Records shown START

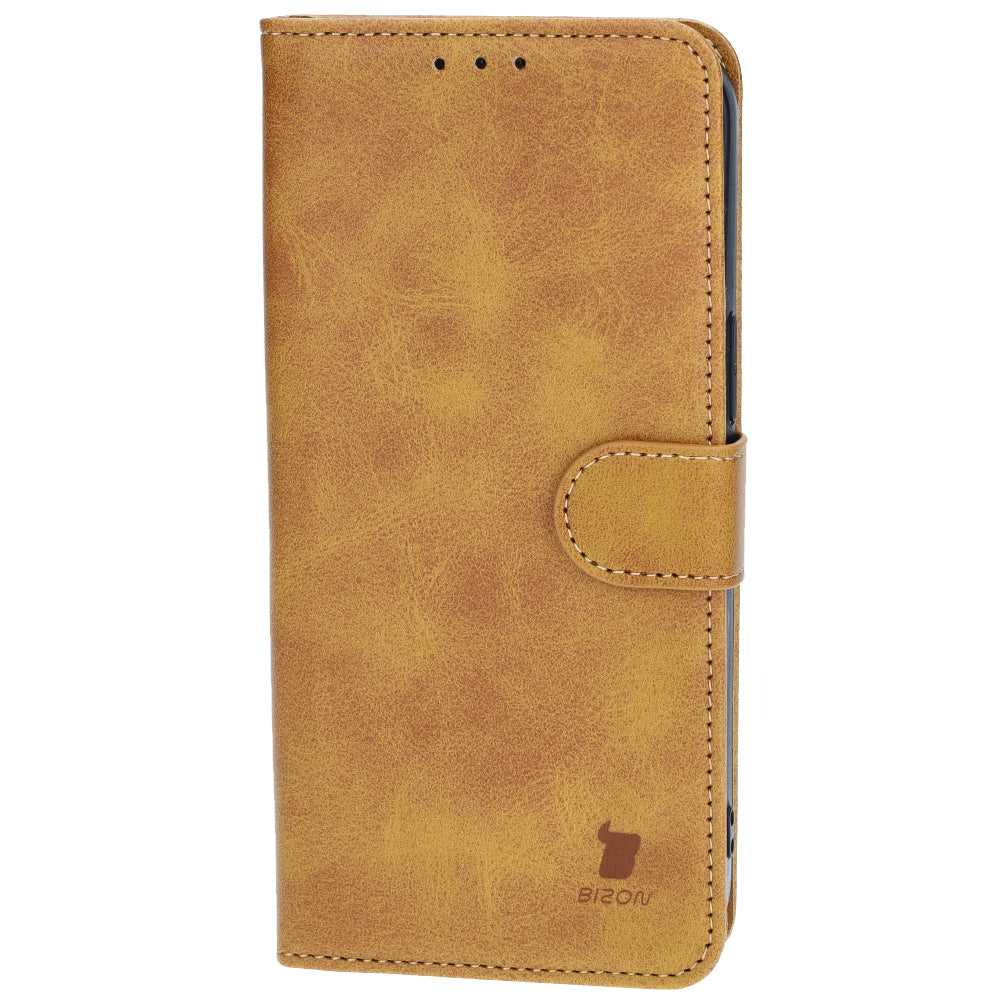 Handyhülle mit Klappe für iPhone 14 Pro Max, Bizon Case Pocket, Braun
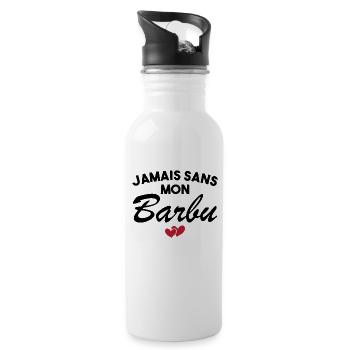 Barbu Assorti Humour Couple Cadeau St Valentin - Gourde avec paille intégrée - blanc - Droite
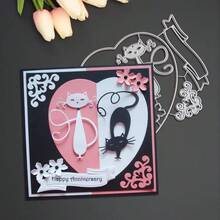 创意情侣猫金属切割模具，DIY剪贴簿相册和压花模板，贺卡制作工具，卡片纸切割工艺品，礼品卡制作模板模切。 - 銀色 - 查看 6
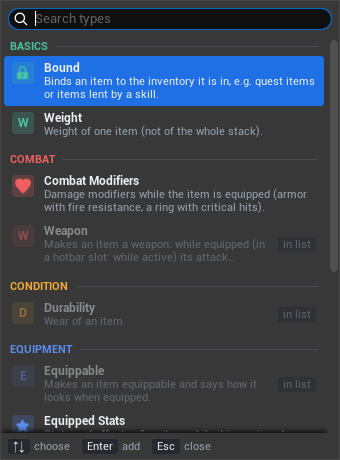 The type picker of item traits
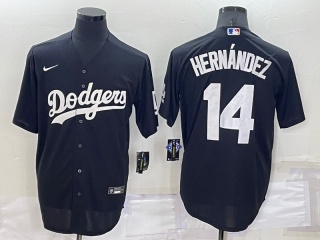 Nike Los Angeles Dodgers #14 Enrique Hernandez Cool Base Jersey Black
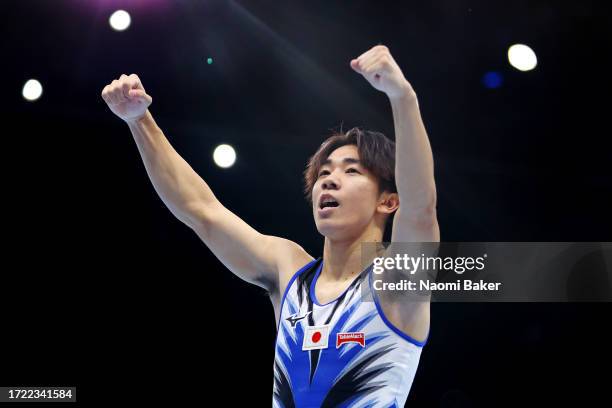 Kazuki Minami of Team Japan celebrates after his routine in the Men's Floor Exercise Final on Day Eight of the 2023 Artistic Gymnastics World...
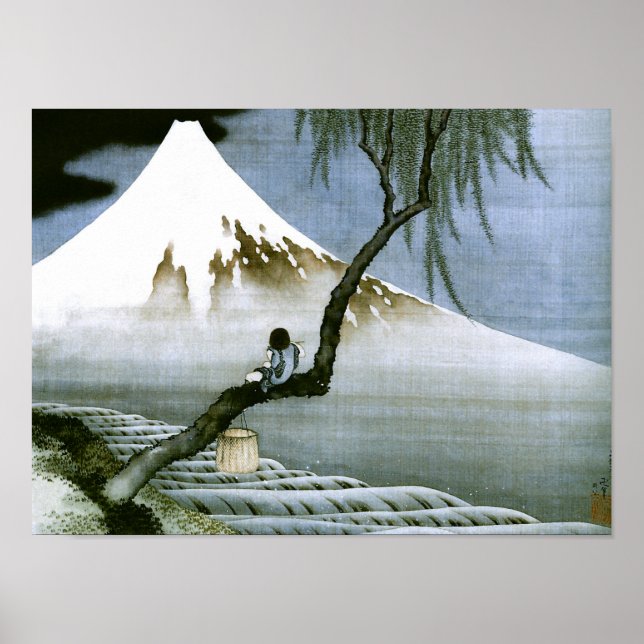北斎 Boy & Mt Fuji Fine Art Poster (Front)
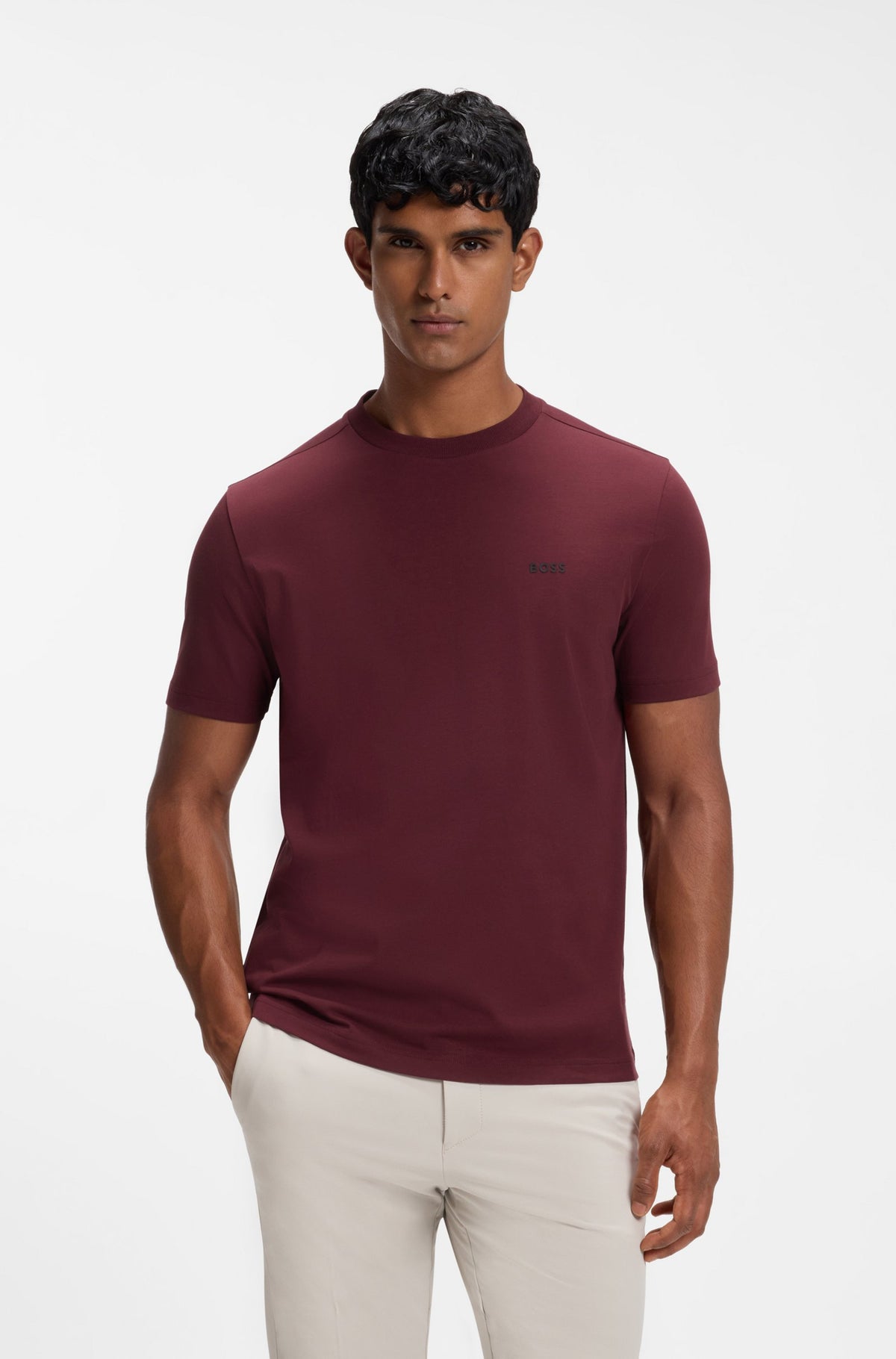 Mens BOSS Green Tee Dark Pink T Shirt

Records shown END

» **What you will do**
A verbatim copy is needed of the lines running from the line with "Kazuki Minami of" to the end of the data above, both included. Keep the pictures out of it.

» **Result of this exercise**
 Kazuki Minami of Team Japan celebrates after his routine in the Men's Floor Exercise Final on Day Eight of the 2023 Artistic Gymnastics World...
北斎 Boy & Mt Fuji Fine Art Poster (Front)
 Mens BOSS Green Tee Dark Pink T Shirt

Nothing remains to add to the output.